## Problem description
With the pictures left out, return exactly the lines from the one containing "Calypsa Alana Wrap-style" through the end of the listing below.

## Supplied data
*-*-*
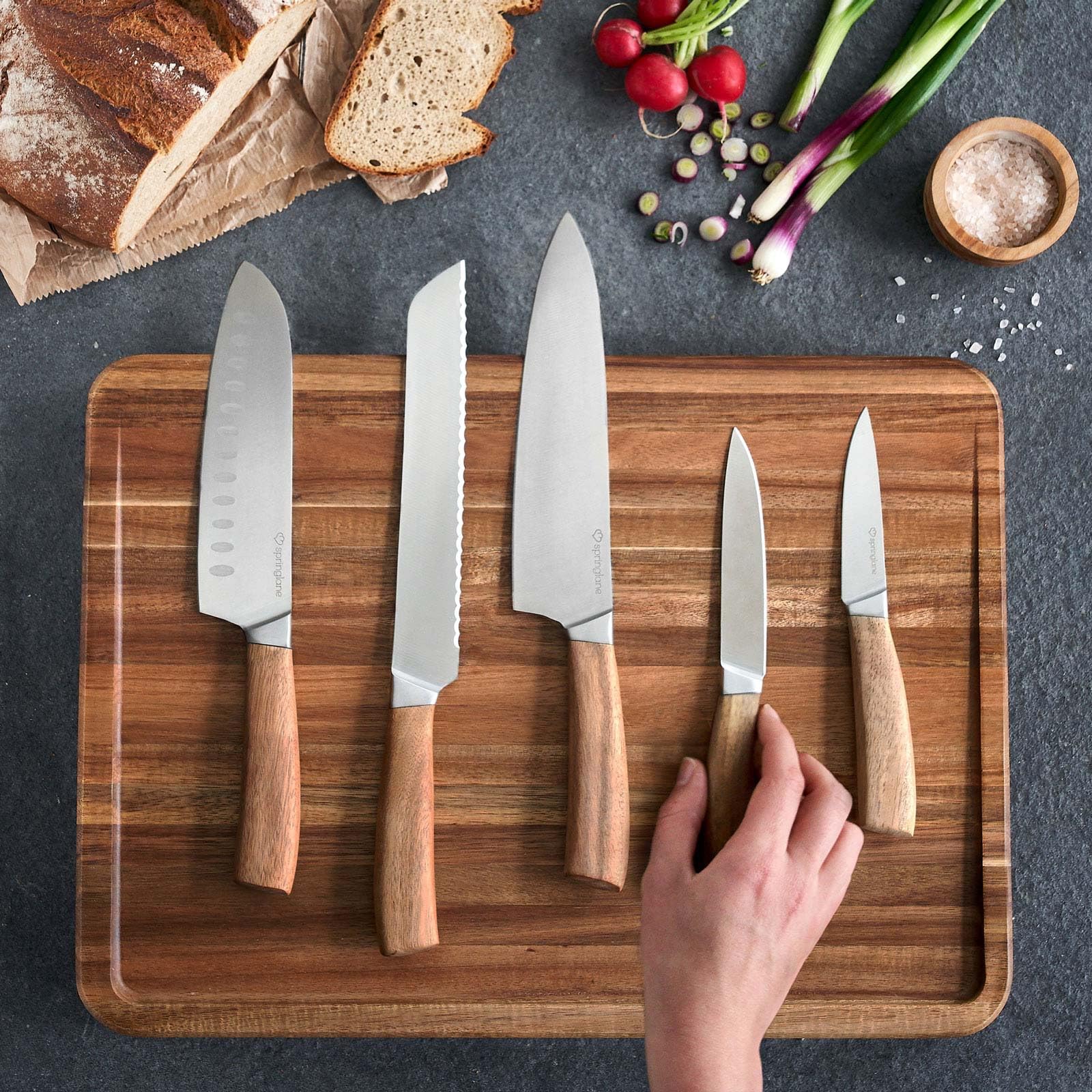 Set Coltelli SPRINGLANE Con Blocco In Ceramica - 5 Coltelli In Acciaio Inox E Manico In Legno Di Acacia - Per Cucina - Foto 6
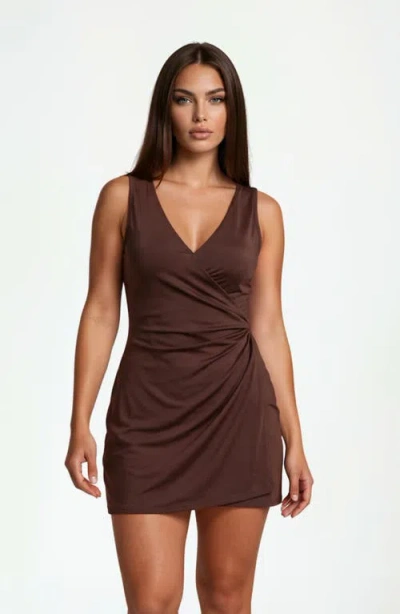 Calypsa Alana Wrap-style Swim Dress With Hidden Bottoms And Adjustable Straps In Brown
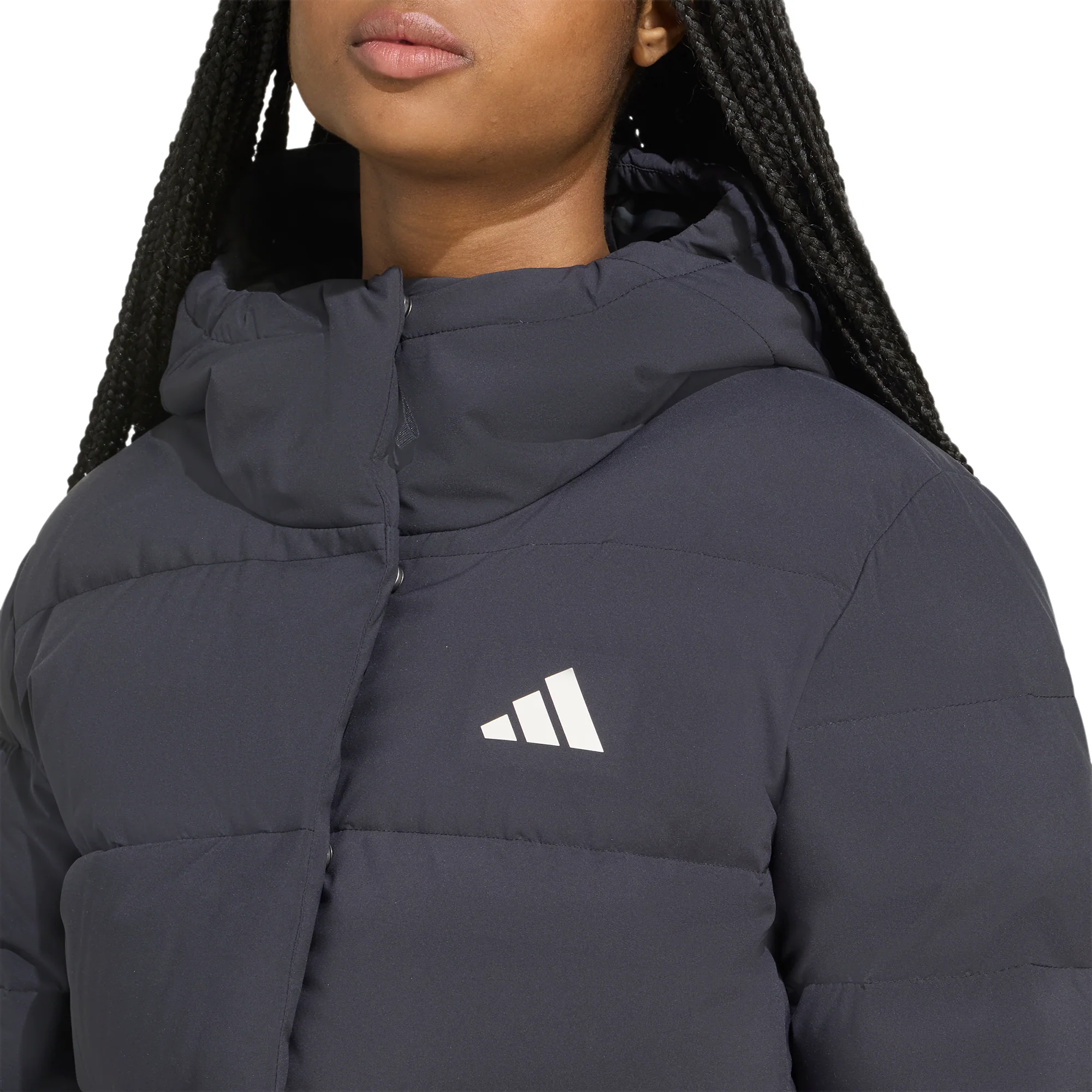 adidas Helionic ClimaWarm Hooded Womens Down Jacket - Black - Image 4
*-*-*
## Worked solution
 Calypsa Alana Wrap-style Swim Dress With Hidden Bottoms And Adjustable Straps In Brown
 adidas Helionic ClimaWarm Hooded Womens Down Jacket - Black - Image 4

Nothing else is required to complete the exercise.